_ASSIGNMENT_
Whatever the records below hold, copy it all out exactly.

(DATA EXTRACTS Opens)

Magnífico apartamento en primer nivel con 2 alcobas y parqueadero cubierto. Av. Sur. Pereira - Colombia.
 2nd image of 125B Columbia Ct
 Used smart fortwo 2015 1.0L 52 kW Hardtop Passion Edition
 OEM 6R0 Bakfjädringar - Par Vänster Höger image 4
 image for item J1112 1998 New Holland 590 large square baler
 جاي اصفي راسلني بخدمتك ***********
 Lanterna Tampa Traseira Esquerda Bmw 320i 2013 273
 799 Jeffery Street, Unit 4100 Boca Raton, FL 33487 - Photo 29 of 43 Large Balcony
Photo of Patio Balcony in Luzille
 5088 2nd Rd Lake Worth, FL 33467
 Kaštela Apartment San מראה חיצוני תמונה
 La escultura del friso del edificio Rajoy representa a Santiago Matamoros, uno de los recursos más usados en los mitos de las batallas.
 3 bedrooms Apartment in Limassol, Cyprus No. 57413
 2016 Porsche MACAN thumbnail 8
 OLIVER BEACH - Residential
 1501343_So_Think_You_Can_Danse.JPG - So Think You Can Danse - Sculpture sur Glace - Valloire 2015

(DATA EXTRACTS Closes)

_THE COMPLETED TASK_
Magnífico apartamento en primer nivel con 2 alcobas y parqueadero cubierto. Av. Sur. Pereira - Colombia.
 2nd image of 125B Columbia Ct
 Used smart fortwo 2015 1.0L 52 kW Hardtop Passion Edition
 OEM 6R0 Bakfjädringar - Par Vänster Höger image 4
 image for item J1112 1998 New Holland 590 large square baler
 جاي اصفي راسلني بخدمتك ***********
 Lanterna Tampa Traseira Esquerda Bmw 320i 2013 273
 799 Jeffery Street, Unit 4100 Boca Raton, FL 33487 - Photo 29 of 43 Large Balcony
Photo of Patio Balcony in Luzille
 5088 2nd Rd Lake Worth, FL 33467
 Kaštela Apartment San מראה חיצוני תמונה
 La escultura del friso del edificio Rajoy representa a Santiago Matamoros, uno de los recursos más usados en los mitos de las batallas.
 3 bedrooms Apartment in Limassol, Cyprus No. 57413
 2016 Porsche MACAN thumbnail 8
 OLIVER BEACH - Residential
 1501343_So_Think_You_Can_Danse.JPG - So Think You Can Danse - Sculpture sur Glace - Valloire 2015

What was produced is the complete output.